▶ **WHAT IS REQUIRED**: Make an exact copy of the listing below. Pictures stay out of it.

▶ **SUPPLIED INFORMATION**:
::::

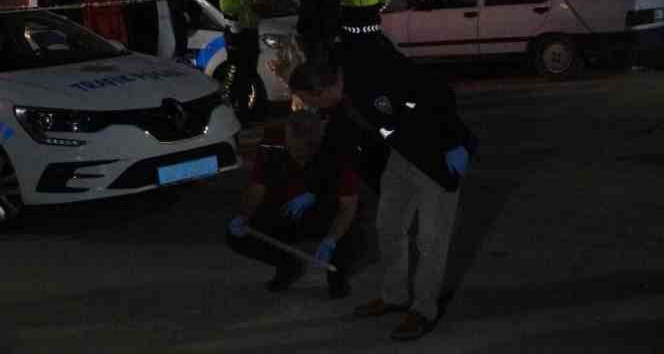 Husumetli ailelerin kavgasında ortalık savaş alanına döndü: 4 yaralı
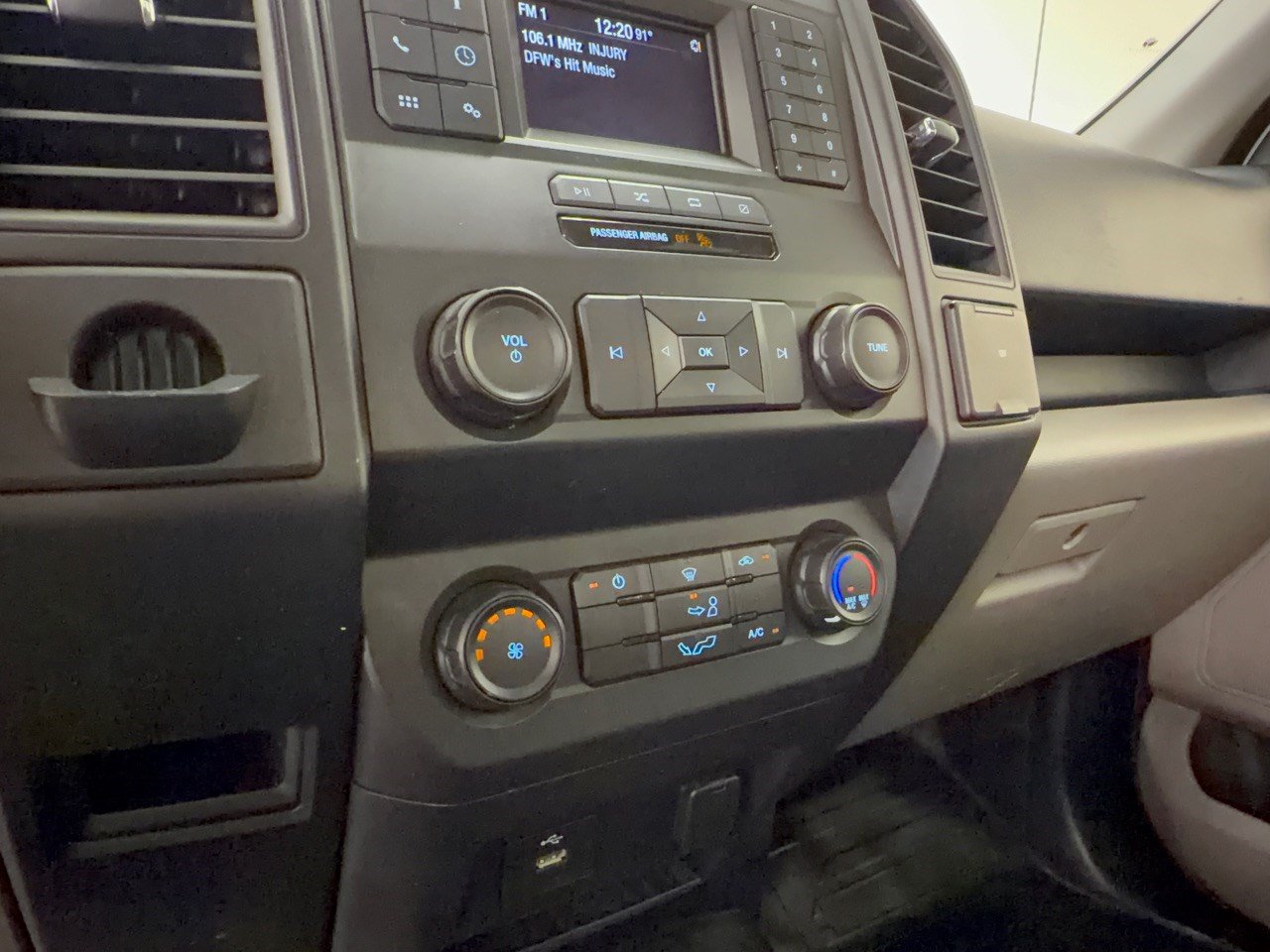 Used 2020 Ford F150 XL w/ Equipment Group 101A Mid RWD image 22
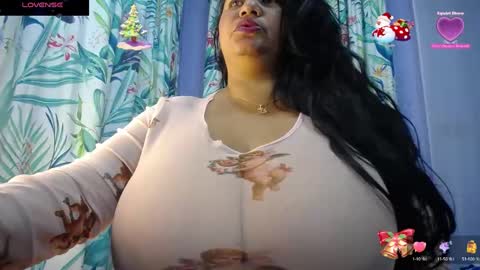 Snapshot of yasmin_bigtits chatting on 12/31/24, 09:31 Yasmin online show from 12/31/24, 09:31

::::

▶ **ANSWER TO THIS EXERCISE**:
 Husumetli ailelerin kavgasında ortalık savaş alanına döndü: 4 yaralı
 Used 2020 Ford F150 XL w/ Equipment Group 101A Mid RWD image 22
 Snapshot of yasmin_bigtits chatting on 12/31/24, 09:31 Yasmin online show from 12/31/24, 09:31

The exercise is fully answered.